It's amazing how the intelligencia love to act like blogs such as Jihad Watch do not exist -- as if they all suddenly have these epiphanies on their own and for the first time anywhere and they must start chit-chatting about it in coffee houses.

Intellectual hubris might very well spell disaster for the West. We aren't fighting rocket scientists -- we are fighting zealots. Zealots can kill with spoons if they have to and they'll do it to you in your sleep, while too many of our "elite thinkers" sit back and hymn and haw and read the Wallstreet Journal or the NY Times over tea and coffee and wonder how to understand the "barbarians" and the "downtrodden" Muslim, meanwhile never really seeing that "spoon" being aimed at the back of their cranium.

First things first just who are the enemies and why do they want to take control of our media and have they already done so?

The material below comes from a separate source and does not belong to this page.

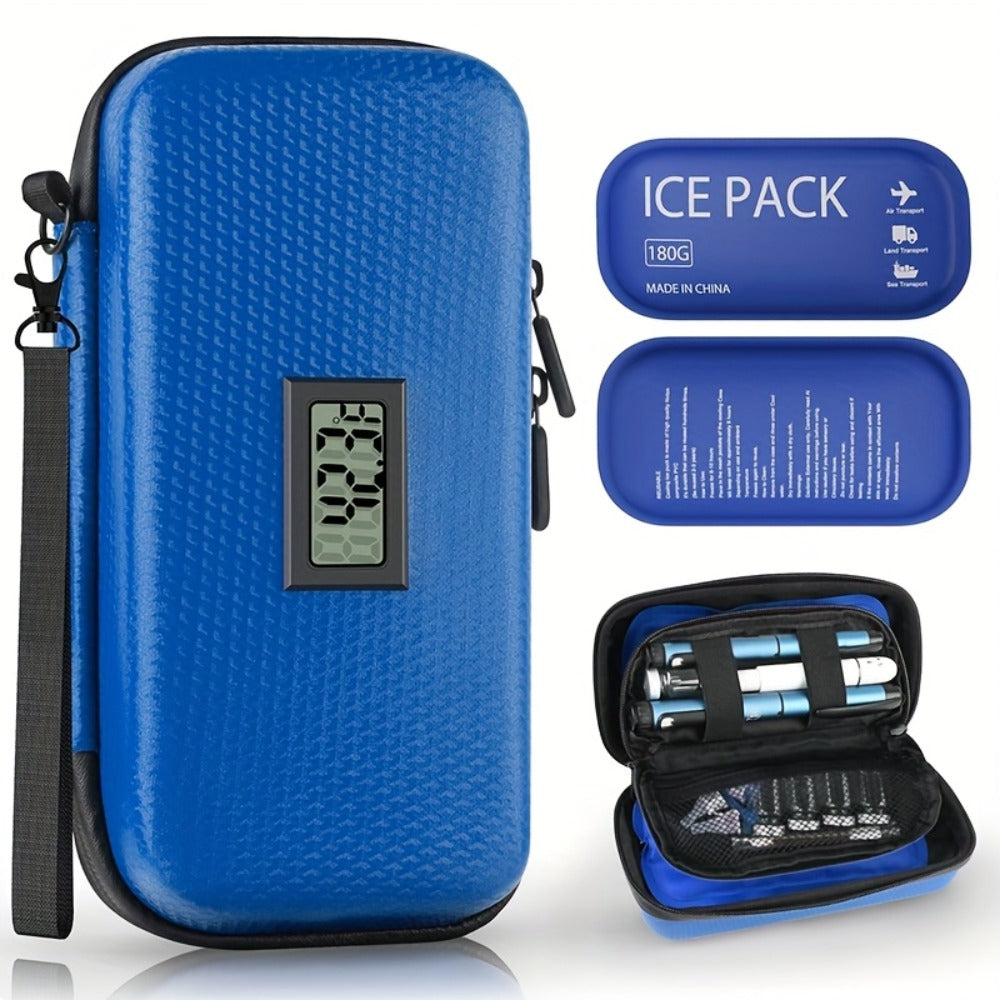 Insulin Cooler Travel Case 24 Hour Refrigerated Medication Case Temperature Display Wristband 2 Reusable Ice Packs Diabetic Insulin Pen Cooler Black Blue - product image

http://www.afsi.org/MEDIA/reasonforbias.htm

http://www.forbes.com/2005/09/06/alwaleed-murdoch-billionaires-cx_gl_0906autofacescan02.html

Whom do you believe I realise the below has links to white power but not of all of it can be a lie could it?

http://www.natall.com/who-rules-america/index.html

I have no clue anymore what and whom to believe now there are enough credible links to suggest the USofA has a hand in the latest round of Jihadist violence.

http://emperors-clothes.com/

http://www.infowars.com

All I do know is that I loath anything remotely propping up Islam, the Koran and Muslims in general to include anyone justifying the actions of the animals chopping heads off and blowing up women and children all over the world.

Keep up the dialog and information.
Comments anyone?

The more that I read http://emperors-clothes.com the more I understand that the people behind it are hurting and suffering, but that does not make the rational. Much of what is on that site is completely without merit and if you look for evidence you usually have to literally pay to have it. That's not what I call honest debate. That's profiteering.

As for the conspiracy theories that the U.S. government or Israel are behind some of the "jihad", I can't honestly say that I know for a fact that that is false, but I can say that I have zero (0) evidence that anything like that is true.

You do the math.

Islam does a fine job of creating its own murderous thugs. I hardly think anyone would have to conspire to clone that instinct.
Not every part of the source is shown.